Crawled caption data
=== Section Start ===
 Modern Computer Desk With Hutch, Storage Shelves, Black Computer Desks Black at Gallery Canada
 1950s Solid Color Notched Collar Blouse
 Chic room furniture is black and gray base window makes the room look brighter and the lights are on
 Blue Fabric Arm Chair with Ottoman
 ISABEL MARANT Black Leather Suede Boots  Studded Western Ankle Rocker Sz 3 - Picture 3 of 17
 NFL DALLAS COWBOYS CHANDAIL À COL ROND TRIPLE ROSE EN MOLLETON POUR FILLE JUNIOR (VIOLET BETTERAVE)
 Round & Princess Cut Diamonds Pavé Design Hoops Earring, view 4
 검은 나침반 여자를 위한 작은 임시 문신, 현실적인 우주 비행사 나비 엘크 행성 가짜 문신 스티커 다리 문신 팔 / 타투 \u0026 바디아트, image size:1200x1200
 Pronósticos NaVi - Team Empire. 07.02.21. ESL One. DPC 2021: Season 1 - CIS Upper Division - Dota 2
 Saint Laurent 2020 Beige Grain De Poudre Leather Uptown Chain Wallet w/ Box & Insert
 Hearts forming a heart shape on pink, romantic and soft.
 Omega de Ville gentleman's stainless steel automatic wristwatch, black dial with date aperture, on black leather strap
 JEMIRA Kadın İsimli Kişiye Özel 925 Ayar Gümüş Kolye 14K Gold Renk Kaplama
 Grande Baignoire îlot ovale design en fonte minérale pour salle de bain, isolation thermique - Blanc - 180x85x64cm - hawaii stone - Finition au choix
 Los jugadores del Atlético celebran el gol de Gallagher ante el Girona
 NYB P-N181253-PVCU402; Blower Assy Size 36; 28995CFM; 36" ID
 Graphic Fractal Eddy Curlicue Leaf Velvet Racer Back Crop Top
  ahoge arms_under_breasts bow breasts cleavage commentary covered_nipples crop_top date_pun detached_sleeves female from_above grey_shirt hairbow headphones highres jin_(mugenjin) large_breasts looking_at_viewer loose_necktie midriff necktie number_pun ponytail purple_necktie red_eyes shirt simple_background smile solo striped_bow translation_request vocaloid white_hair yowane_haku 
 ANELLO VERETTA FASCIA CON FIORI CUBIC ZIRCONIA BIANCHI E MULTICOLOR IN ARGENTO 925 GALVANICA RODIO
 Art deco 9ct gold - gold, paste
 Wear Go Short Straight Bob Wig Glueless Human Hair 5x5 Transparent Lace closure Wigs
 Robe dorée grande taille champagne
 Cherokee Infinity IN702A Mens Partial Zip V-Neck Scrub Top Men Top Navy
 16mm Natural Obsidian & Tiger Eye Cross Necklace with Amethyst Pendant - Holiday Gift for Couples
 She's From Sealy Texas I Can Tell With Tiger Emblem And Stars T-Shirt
=== Section End ===
Nothing beyond the lines from the start of the entries through the line with "Blue Fabric Arm Chair with Ottoman" should appear. Repeat those lines exactly, both ends included.

▶ [Written response]:
 Modern Computer Desk With Hutch, Storage Shelves, Black Computer Desks Black at Gallery Canada
 1950s Solid Color Notched Collar Blouse
 Chic room furniture is black and gray base window makes the room look brighter and the lights are on
 Blue Fabric Arm Chair with Ottoman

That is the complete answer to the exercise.